|
|
|
|
|
|
Aslında ota şeye ağlayan biriyim
* 50 yaşında Keloğlan'ı oynamak... ERBİL: 48! Ayıp oluyor ama üstüne basa basa 50...
* Peki 48 yaşında Keloğlan'ı oynamak; hep muziplik, hep fırlamalık, hep şovmenlik yormuyor, sıkmıyor mu? ERBİL: Bu benim yaşam tarzım. Özel hayatımda da böyleyim. Oynamıyorum bunu. Doğalım, girdiğim ortama her zaman pozitif bir enerji katmaya çalışırım. 15 yaşımda da böyleydim, şimdi de böyleyim.

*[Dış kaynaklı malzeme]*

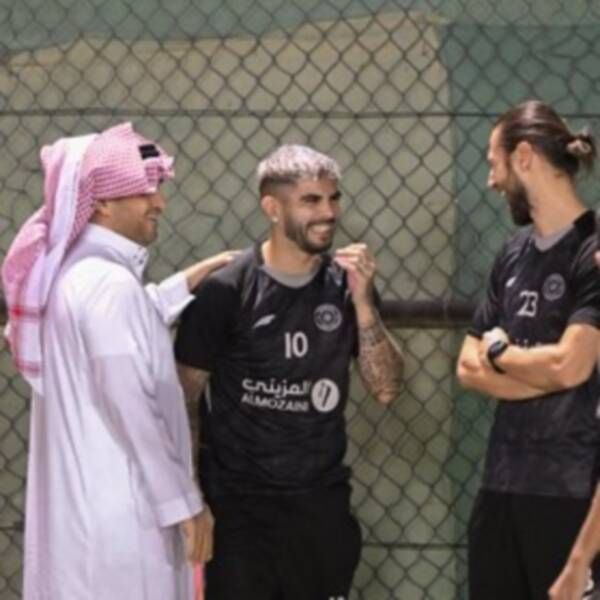 إيفر بانيجا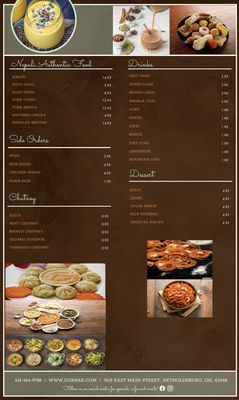 Menu photo 3 Durbar Nepali and Indian Cuisine Reynoldsburg, OH Menu photo 3 Durbar Nepali and Indian Cuisine Reynoldsburg, OH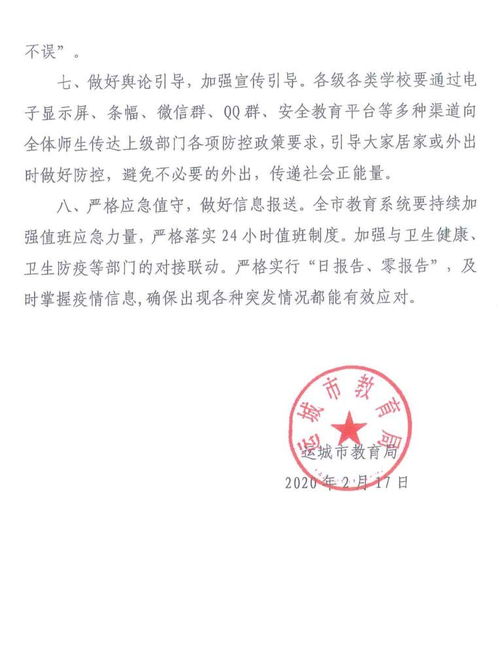 今天教育局最新开学通知(教育局最新开学日期) 今天教育局最新开学通知(教育局最新开学日期)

* Vakti zamanında sizin için demişler ki; 'Hep güldüren komik tarafı öne çıktı ama canı istesin bir dram oynasın, hüngür hüngür ağlatır; içini kanırtır insanın...' ERBİL: İşte bu projeye ve senaryoya bağlı bir şey. Gelmiyor ki böyle bir rol! Yoksa isterim tabii; oyuncu dediğin her şeyi oynar. DENİZ: Ya bir programda özel bir soru sorulmuştu ve ağlamıştın sen...
* Neydi soru? DENİZ: Hatırlamıyorum. Ama Türkiye'nin yarısı ağladı o gece M. Ali Erbil'le... ERBİL: Ben de hatırlamıyorum. Hep insanlara mutluluk vermeyi misyon üstlenmişim ya sanki; kendimi çok tutuyorum televizyonda... Mesela bir özürlü çocuk geldi, onun mutlu halleri, bana hediye vermeleri, zor tutuyorum ağlamamak için.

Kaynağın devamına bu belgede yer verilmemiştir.